[STORED DATA — start]

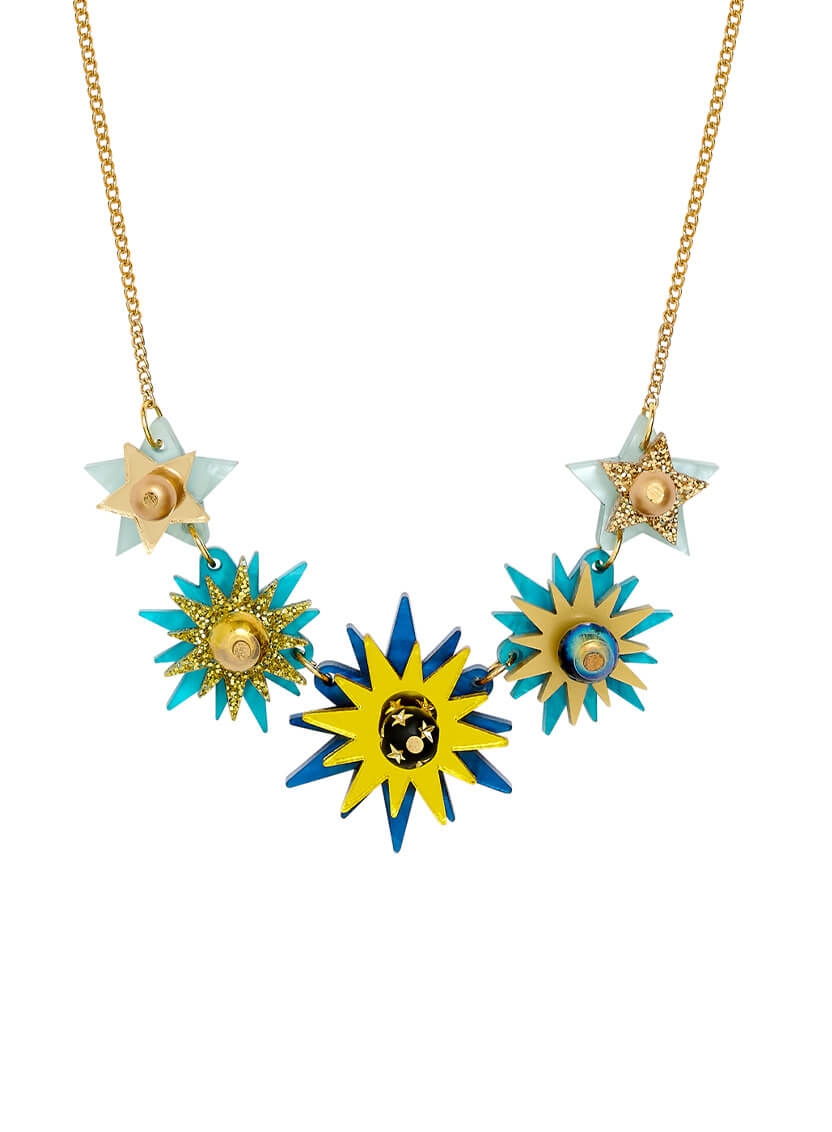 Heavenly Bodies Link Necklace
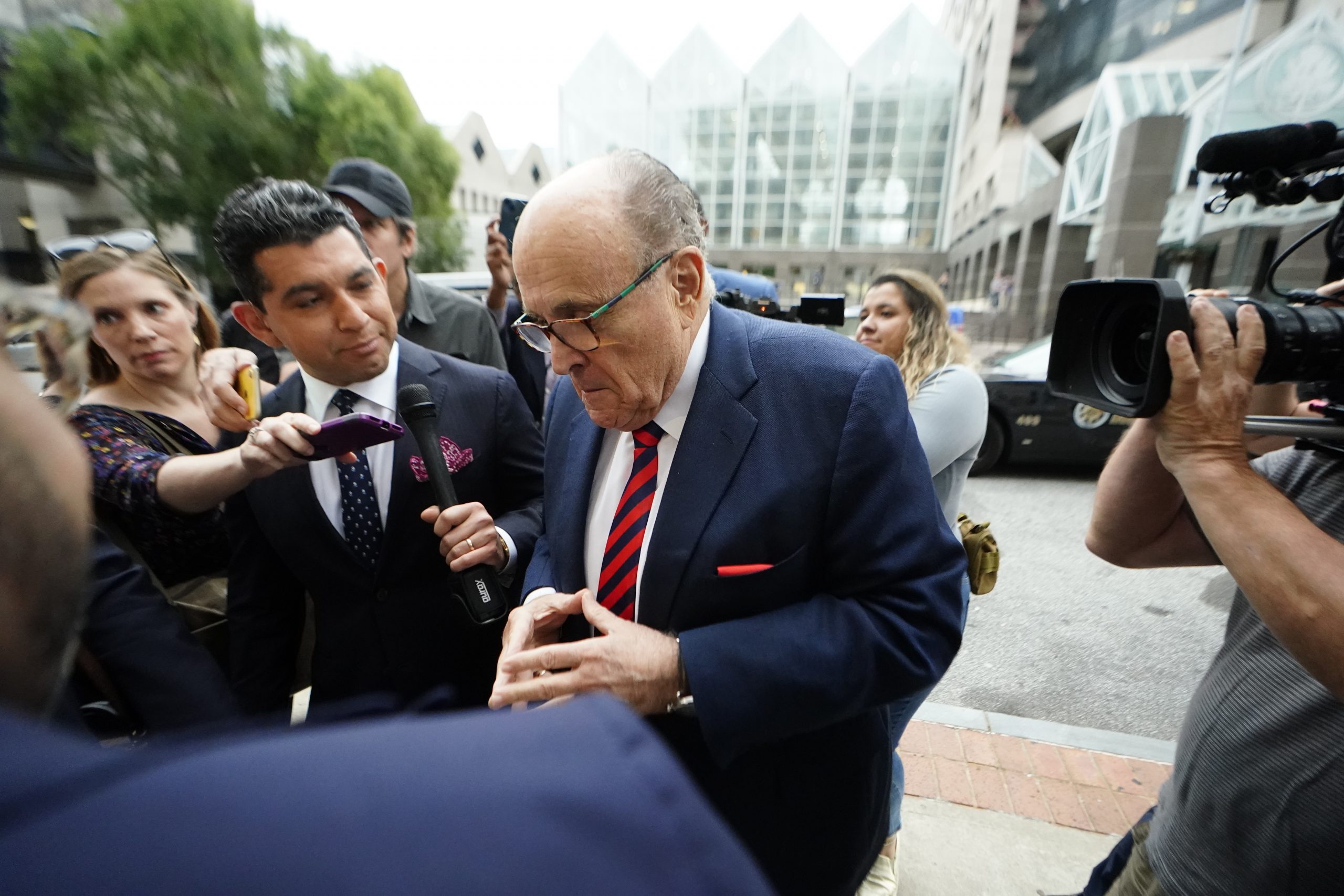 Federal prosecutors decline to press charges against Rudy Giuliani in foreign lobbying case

[STORED DATA — finish]
[STORED DATA — start]

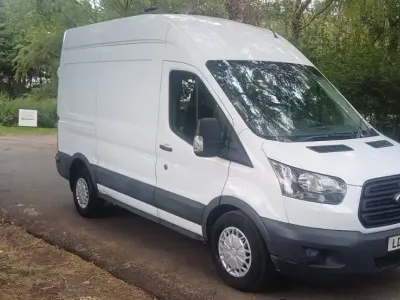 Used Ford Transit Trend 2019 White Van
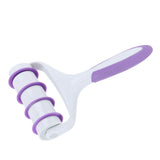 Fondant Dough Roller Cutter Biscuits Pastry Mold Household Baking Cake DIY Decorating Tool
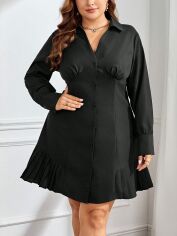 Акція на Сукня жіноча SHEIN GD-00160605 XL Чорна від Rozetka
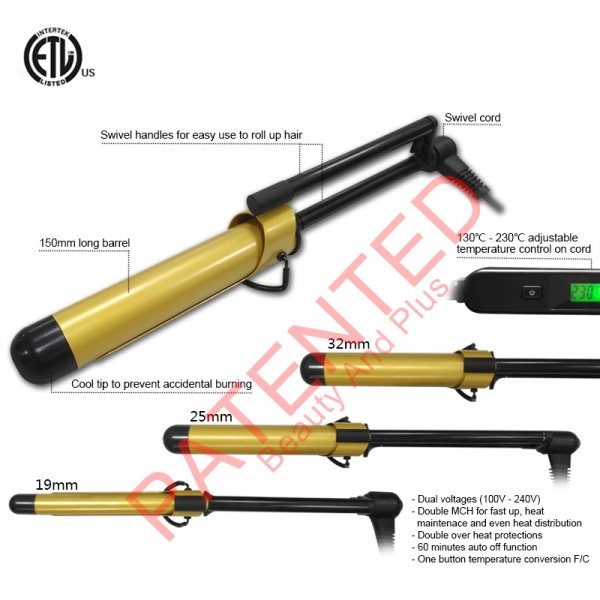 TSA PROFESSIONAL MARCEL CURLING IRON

[STORED DATA — finish]

**WHAT YOU HAVE TO DO:** Give again the stretch of lines above from the one with "Акція на Сукня" through the one with "TSA PROFESSIONAL MARCEL CURLING IRON", both ends kept, and copy no pictures.

**RESULT OF THE TASK:**
 Акція на Сукня жіноча SHEIN GD-00160605 XL Чорна від Rozetka
 TSA PROFESSIONAL MARCEL CURLING IRON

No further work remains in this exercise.